▶ ASSIGNED TASK: Set out exactly every line of the entries below, starting at the line that holds "New 2026 Ford" and stopping after the line that holds "2018 Nissan Frontier Crew Cab 4x4 SV V6 Auto".

▶ RECORDED DATA:
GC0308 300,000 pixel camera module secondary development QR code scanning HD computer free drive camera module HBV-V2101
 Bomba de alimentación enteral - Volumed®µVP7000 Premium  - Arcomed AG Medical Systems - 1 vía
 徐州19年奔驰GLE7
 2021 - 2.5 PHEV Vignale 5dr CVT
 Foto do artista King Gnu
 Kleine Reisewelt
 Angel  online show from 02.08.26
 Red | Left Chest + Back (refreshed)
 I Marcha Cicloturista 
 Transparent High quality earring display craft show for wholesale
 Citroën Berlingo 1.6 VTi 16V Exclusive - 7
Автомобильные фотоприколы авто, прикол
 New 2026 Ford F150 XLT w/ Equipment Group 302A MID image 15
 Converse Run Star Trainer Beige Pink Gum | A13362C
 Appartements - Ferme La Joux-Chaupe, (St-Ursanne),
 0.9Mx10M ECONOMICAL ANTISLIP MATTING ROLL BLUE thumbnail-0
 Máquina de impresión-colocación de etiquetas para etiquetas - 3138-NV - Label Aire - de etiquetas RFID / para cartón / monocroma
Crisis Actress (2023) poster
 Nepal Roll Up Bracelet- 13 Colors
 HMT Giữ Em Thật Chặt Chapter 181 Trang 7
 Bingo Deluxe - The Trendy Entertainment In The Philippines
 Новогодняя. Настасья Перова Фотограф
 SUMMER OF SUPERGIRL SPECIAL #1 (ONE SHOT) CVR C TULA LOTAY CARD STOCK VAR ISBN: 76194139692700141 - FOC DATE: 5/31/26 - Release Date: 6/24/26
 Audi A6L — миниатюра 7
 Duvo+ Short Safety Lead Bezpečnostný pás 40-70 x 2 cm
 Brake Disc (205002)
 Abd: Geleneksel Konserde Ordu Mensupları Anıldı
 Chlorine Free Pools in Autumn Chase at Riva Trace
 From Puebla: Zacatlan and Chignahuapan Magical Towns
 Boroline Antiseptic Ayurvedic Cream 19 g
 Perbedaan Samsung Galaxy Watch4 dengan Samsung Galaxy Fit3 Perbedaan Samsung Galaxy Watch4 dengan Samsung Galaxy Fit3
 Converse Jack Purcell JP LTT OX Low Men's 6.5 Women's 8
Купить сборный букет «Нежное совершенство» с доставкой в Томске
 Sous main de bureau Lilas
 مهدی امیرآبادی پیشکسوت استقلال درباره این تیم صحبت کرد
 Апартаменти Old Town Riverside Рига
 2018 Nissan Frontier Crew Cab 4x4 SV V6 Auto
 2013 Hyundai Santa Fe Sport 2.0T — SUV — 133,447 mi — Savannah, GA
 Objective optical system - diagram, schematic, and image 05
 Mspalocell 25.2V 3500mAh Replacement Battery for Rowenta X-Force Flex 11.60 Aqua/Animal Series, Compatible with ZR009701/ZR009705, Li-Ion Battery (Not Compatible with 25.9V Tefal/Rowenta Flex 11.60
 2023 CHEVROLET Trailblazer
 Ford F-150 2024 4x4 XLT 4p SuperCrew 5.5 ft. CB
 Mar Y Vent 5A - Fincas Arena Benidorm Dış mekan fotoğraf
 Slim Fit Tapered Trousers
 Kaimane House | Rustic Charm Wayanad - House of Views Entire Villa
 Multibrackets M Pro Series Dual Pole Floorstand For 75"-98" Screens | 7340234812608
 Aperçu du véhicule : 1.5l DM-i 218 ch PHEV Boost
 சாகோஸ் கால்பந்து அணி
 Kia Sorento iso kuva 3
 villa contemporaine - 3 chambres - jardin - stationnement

▶ RESULT:
 New 2026 Ford F150 XLT w/ Equipment Group 302A MID image 15
 Converse Run Star Trainer Beige Pink Gum | A13362C
 Appartements - Ferme La Joux-Chaupe, (St-Ursanne),
 0.9Mx10M ECONOMICAL ANTISLIP MATTING ROLL BLUE thumbnail-0
 Máquina de impresión-colocación de etiquetas para etiquetas - 3138-NV - Label Aire - de etiquetas RFID / para cartón / monocroma
Crisis Actress (2023) poster
 Nepal Roll Up Bracelet- 13 Colors
 HMT Giữ Em Thật Chặt Chapter 181 Trang 7
 Bingo Deluxe - The Trendy Entertainment In The Philippines
 Новогодняя. Настасья Перова Фотограф
 SUMMER OF SUPERGIRL SPECIAL #1 (ONE SHOT) CVR C TULA LOTAY CARD STOCK VAR ISBN: 76194139692700141 - FOC DATE: 5/31/26 - Release Date: 6/24/26
 Audi A6L — миниатюра 7
 Duvo+ Short Safety Lead Bezpečnostný pás 40-70 x 2 cm
 Brake Disc (205002)
 Abd: Geleneksel Konserde Ordu Mensupları Anıldı
 Chlorine Free Pools in Autumn Chase at Riva Trace
 From Puebla: Zacatlan and Chignahuapan Magical Towns
 Boroline Antiseptic Ayurvedic Cream 19 g
 Perbedaan Samsung Galaxy Watch4 dengan Samsung Galaxy Fit3 Perbedaan Samsung Galaxy Watch4 dengan Samsung Galaxy Fit3
 Converse Jack Purcell JP LTT OX Low Men's 6.5 Women's 8
Купить сборный букет «Нежное совершенство» с доставкой в Томске
 Sous main de bureau Lilas
 مهدی امیرآبادی پیشکسوت استقلال درباره این تیم صحبت کرد
 Апартаменти Old Town Riverside Рига
 2018 Nissan Frontier Crew Cab 4x4 SV V6 Auto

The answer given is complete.